Oreos taste like freedom. After my youngest daughter completed two awkward middle-school years of teeth straightening, her first post-orthodontia request was for the Nabisco classic. I expected her to tear into the box with the relieved jubilation of a Super Bowl victor.
Instead, she sat at the dinner table and consumed those sandwich cookies with the steely determination of a grizzled gumshoe nursing a whiskey at the end of the bar. "Ah yes, my old friends," her 12 year-old eyes seemed to say. "We're going to be here a while."
As I, too, now approach the end of my own, middle-aged, dental odyssey, I understand that emotion. I don't want to whoop it up. I just want chocolate crumbs and creme filling all over every crevice of my straight, beautiful teeth.
While consuming one's Oreos straight out of the package is never a bad serving suggestion, I decided recently to amp up the experience just a notch with my very first foray into fudge.

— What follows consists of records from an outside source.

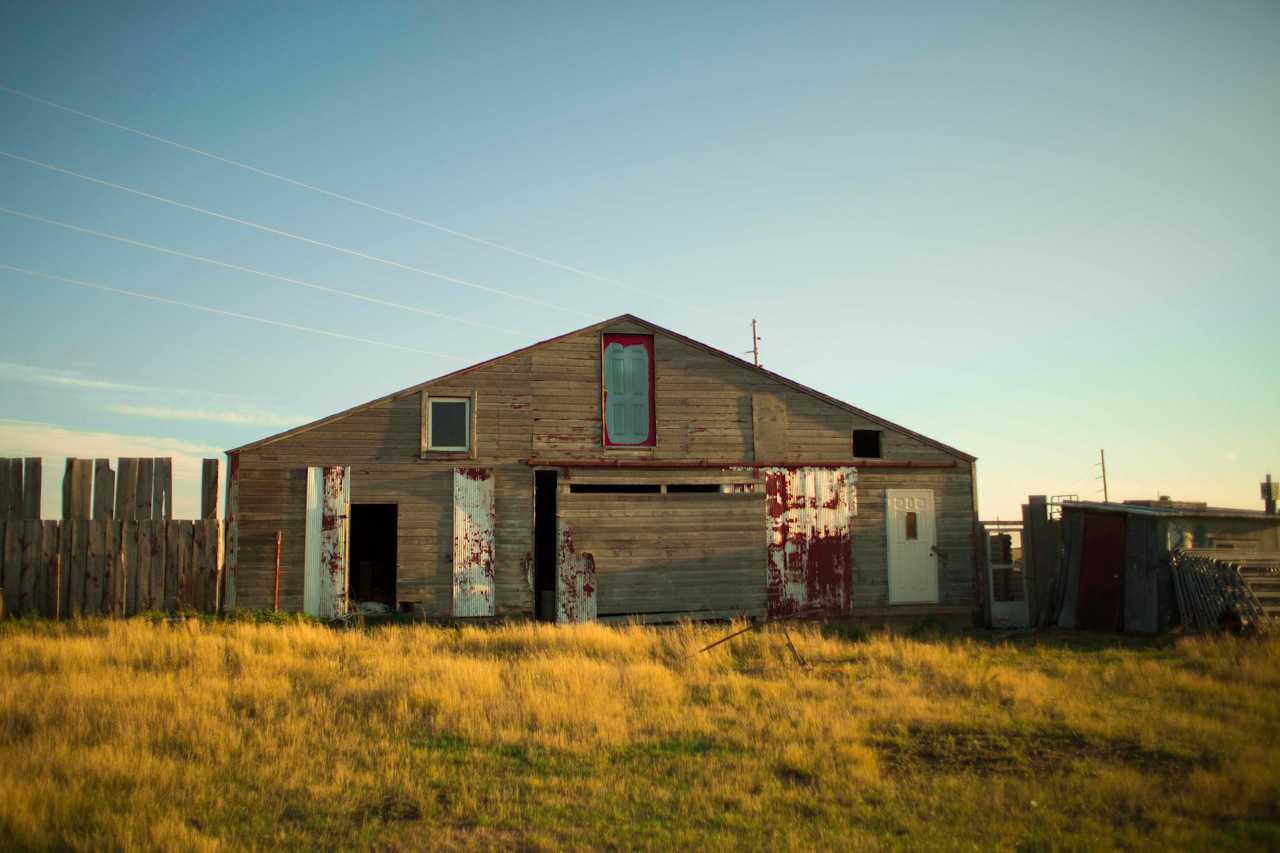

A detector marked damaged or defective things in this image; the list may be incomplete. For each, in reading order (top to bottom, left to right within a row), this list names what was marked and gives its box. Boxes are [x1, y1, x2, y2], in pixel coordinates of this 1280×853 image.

rusted metal sheet [220, 450, 238, 604]
rusted metal sheet [304, 466, 350, 617]
rusty metal panel [304, 466, 350, 617]
rusty metal panel [448, 468, 491, 614]
rusted metal sheet [455, 468, 494, 614]
rusted metal sheet [555, 514, 593, 622]
rusty metal panel [558, 514, 596, 622]
rusted metal sheet [762, 466, 855, 617]
rusty metal panel [762, 466, 855, 617]
peeling red paint [762, 466, 855, 617]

I haven't had much exposure to fudge in my life. Growing up, it was somehow considered a Protestant delicacy, like Jell-O salad and Tang. Yet when I consider the transcendent delights of a cereal bar and a cookie cake, I can't believe it took me this long to convert.

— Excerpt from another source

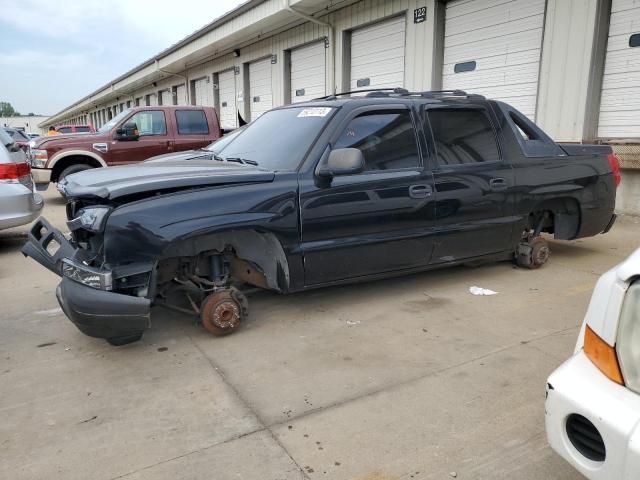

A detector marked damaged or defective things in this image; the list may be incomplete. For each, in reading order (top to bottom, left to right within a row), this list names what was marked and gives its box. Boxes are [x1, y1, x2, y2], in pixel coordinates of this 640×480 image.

crumpled front bumper [21, 218, 152, 342]
damaged black pickup truck [23, 90, 620, 344]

Oreo fudge requires a mere three ingredients — and less than ten minutes of your time. And then you have fudge! Made of Oreos! It tastes like milk and cookies, because that's what it's made of. That's why it's sweetly nostalgic, even if your actual memories are more like, "Fudge? What are we, Baptists?"
This morning, while my daughter was at her computer doing the at-home version of high school, I slid a square across the desk. She quietly nibbled it with the same determined visage I've come to know as the Oreo Poker Face. When I sliced myself off a bite, I couldn't suppress a smile. A pearly, even, densely cookie-flecked smile.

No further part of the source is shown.